The Dancing Rabbit Creek Treaty Site is a historic Choctaw Native American gathering place in rural Noxubee County, Mississippi. Located near a freshwater spring above the floodplain of Dancing Rabbit Creek in the southwestern part of the county, it was the site of a treaty negotiation between the Choctaw and the federal government in 1830, resulting in the Treaty of Dancing Rabbit Creek, in which the Choctaw agreed to surrender their ancestral lands for territory in what is now Oklahoma. It was the first treaty negotiated after passage of the Indian Removal Act, and served as a model for other treaties passed pursuant to that act. It also led to the Choctaw Trail of Tears. The site, now marked by a stone memorial and a small Choctaw cemetery, was designated a National Historic Landmark in 1996.

Description and history

The Dancing Rabbit Creek Treaty Site is located in a remote wooded area of southwestern Noxubee County, on the southeast side of Dancing Rabbit Creek. It is accessed via Monument Road, where the commemorative marker and cemetery mark the center of the landmarked area. There are no historical structures standing in the area, although there was at the time of the treaty negotiation a Choctaw meeting house which was the central point of the meeting that culminated in the treaty signing. The granite marker was placed in 1928 by the local chapter of the Daughters of the American Revolution. It soon became the focus of Choctaw commemorative activities, including the burial of some of their dead. The marker's placement was based on research conducted in the late 19th century by Henry S. Halbert, a Choctaw historian, that included oral histories from witnesses and individuals who had known witnesses to the proceedings.
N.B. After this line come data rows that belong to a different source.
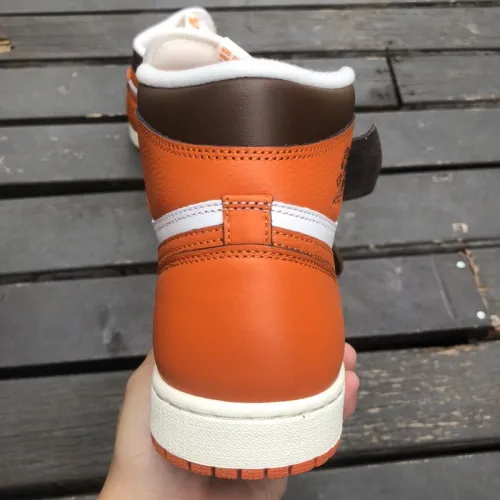 Jordan 1 Retro High OG Starfish GS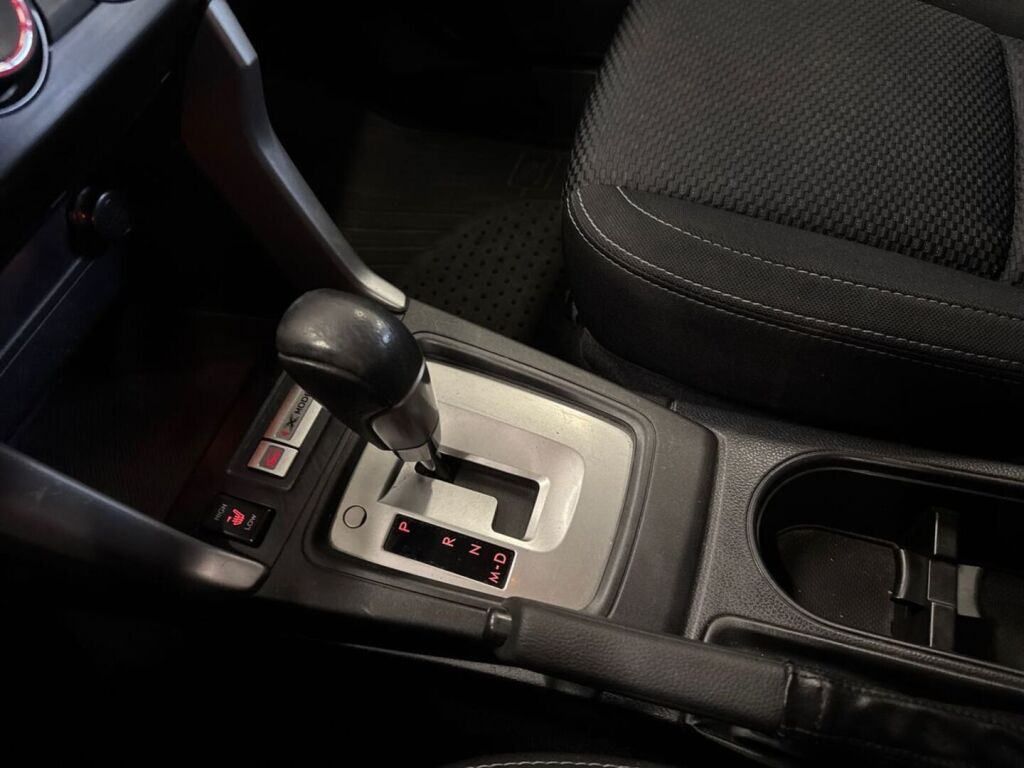 Subaru Forester 2013 Valkoinen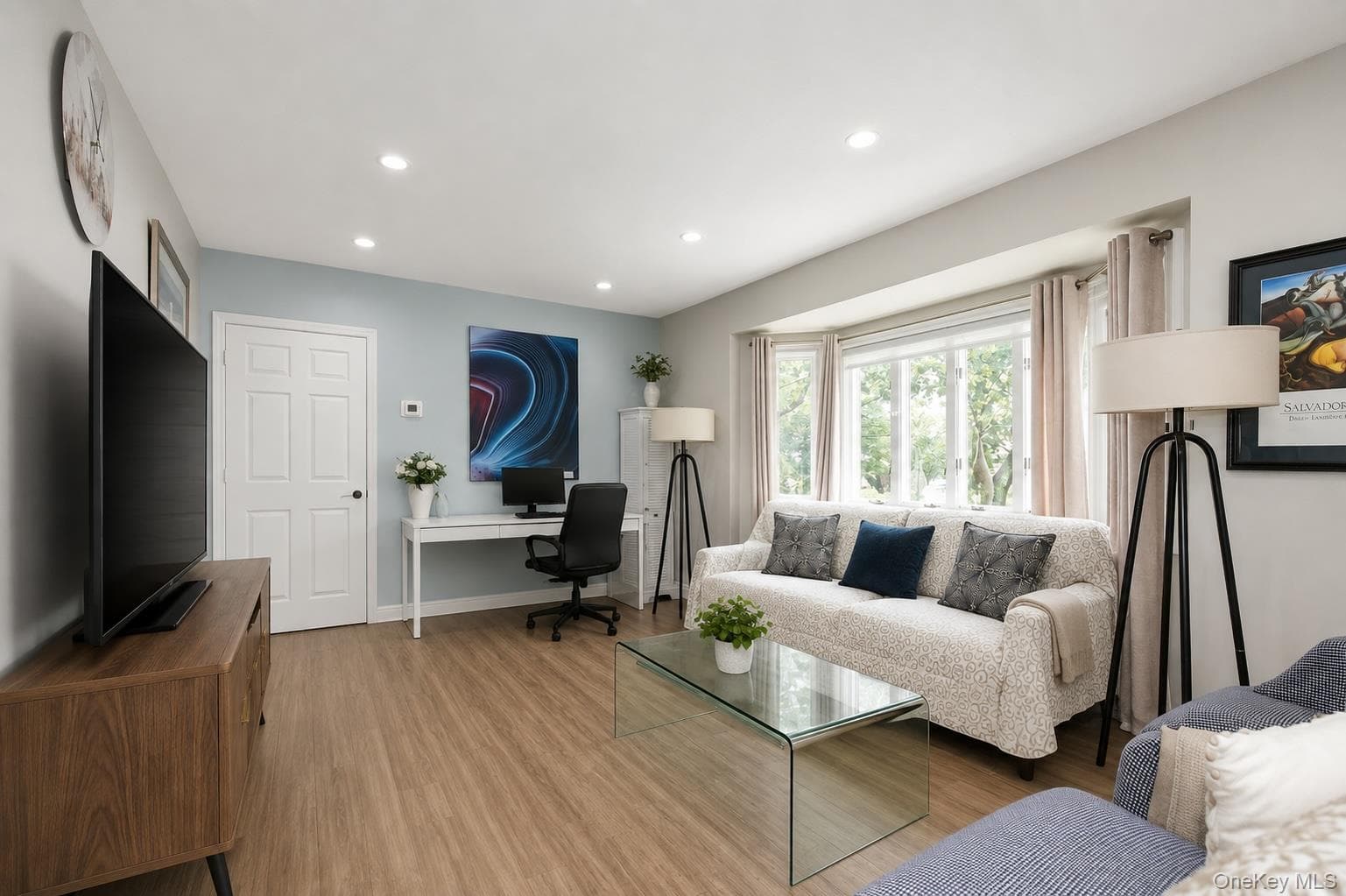 8015 Little Neck Parkway thumbnail 25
The Choctaw were one of the "Five Civilized Tribes" of the southeastern United States, which had to some extent adopted Euro-American customs, and developed an independent tribal government system including a constitution. Despite this, pressure from white settlers for their lands (historically including parts of Mississippi, Alabama, and Louisiana) had prompted the tribe to ceded some of its lands in the 1820s. President Andrew Jackson, upon taking office in 1828, sought the removal of the Choctaw and other southeastern tribes to lands in what was then termed the Indian Territory, now Oklahoma. The treaty negotiations with the Choctaw took place between September 15 and 27, 1830. The proceedings were attended by several thousand Choctaw, a number of opportunistic white entrepreneurs, who offered gambling, drink, and other vices to the assemblage, and John H. Eaton and John Coffee, the federal government representatives. Many Choctaw expressed disapproval of the treaty offered for consideration on September 22, and a large number left the encampment over the next few days. Three major chiefs signed the treaty, under a questionable set of conditions that may have included threats, bribery, and extortion. The vast majority of Choctaw were removed to Oklahoma in 1831-33.